Introduction to Formal Methods (Part 1): Why Spec First?

Formal methods, sounds very… formal! But I have been trying to explore what they are and so I decided to write down my learnings. Hopefully this proves a good starting point for someone else who is curious about the idea but doesn’t have a good starting point.

This post is part 1 of 2. In part 1, I will try to give a more conceptual understanding, while also introducing tooling using Quint. In part 2, I will try to show how it can be wired up so that we make sure software implementations actually benefit from formal methods.

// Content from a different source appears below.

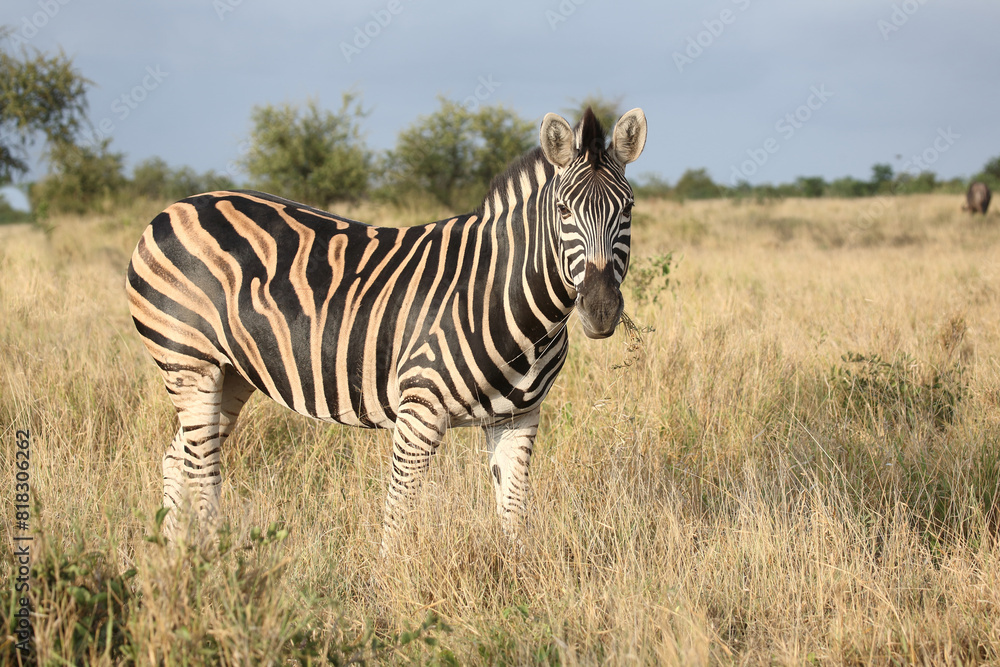 Steppenzebra / Burchell's zebra / Equus quagga burchellii Steppenzebra / Burchell's zebra / Equus quagga burchellii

The Problem with English (and AI)

First a warning, and then if you stick around, we can go deeper. My dive into formal methods was motivated by posts like this. I have been increasingly using AI Agents and I believe something is required to make the use of AI more productive. And if the word AI is triggering, then this would be a good time to stop reading. If you are still here, let’s talk about AI a little bit, and the programming language for AI - English.

We prompt agents in English. We write requirements documents in English.

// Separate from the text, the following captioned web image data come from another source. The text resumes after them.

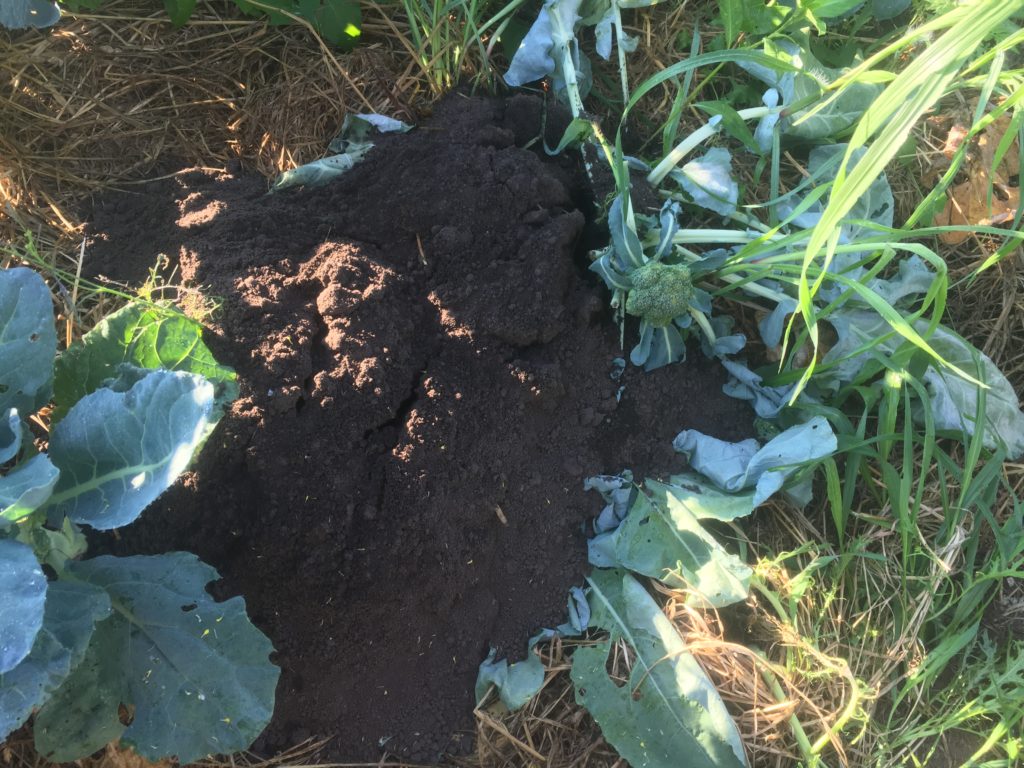 another broccoli plant slain by the Gopher Monsters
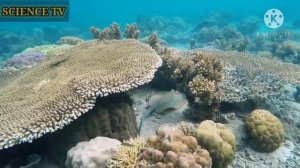 Как появился океан? Почему вода в океане соленая?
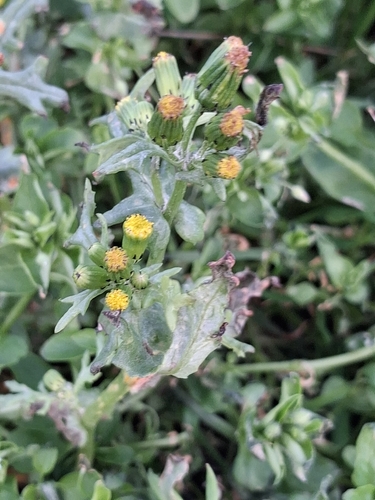 Senecio vulgaris observed 2026-10-28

  • “The user is authenticated after a successful handshake.”
  • “The program is crashing. Fix it.”

But English is inherently ambiguous. What “program”? What exactly constitutes a “successful handshake”? Are we talking about a human handshake?

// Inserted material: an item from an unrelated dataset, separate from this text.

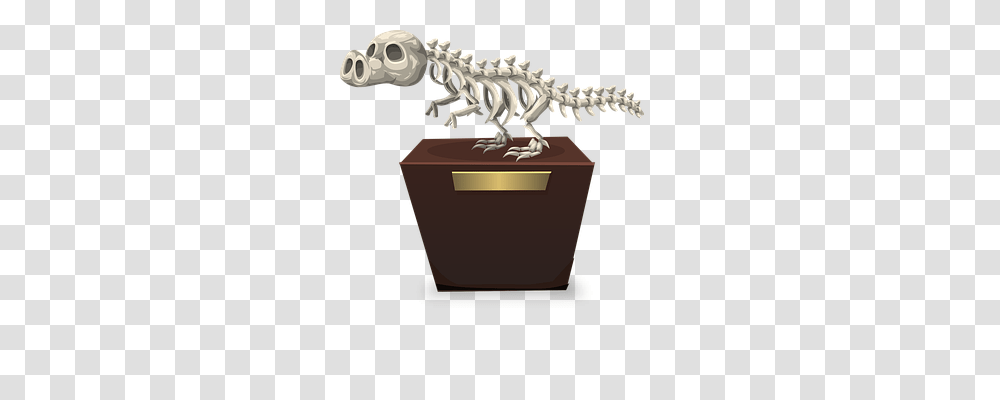 Dinosaur Animals, Reptile, Skeleton Transparent Png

When we jump straight to code based on English prompts, the implementation becomes the specification. If the Agent guesses wrong, that guess can lead to some very complicated code. And cue the inevitable conversation,

{
  "user": "This isn't what I meant",
  "agent": "You are absolutely right. You are amazing. I will fix it....."
  ... 
  ...
  "agent": "Here's the updated code."
  "user": "That's still wrong".
}

If that feels familiar, hopefully the following points to a way forward.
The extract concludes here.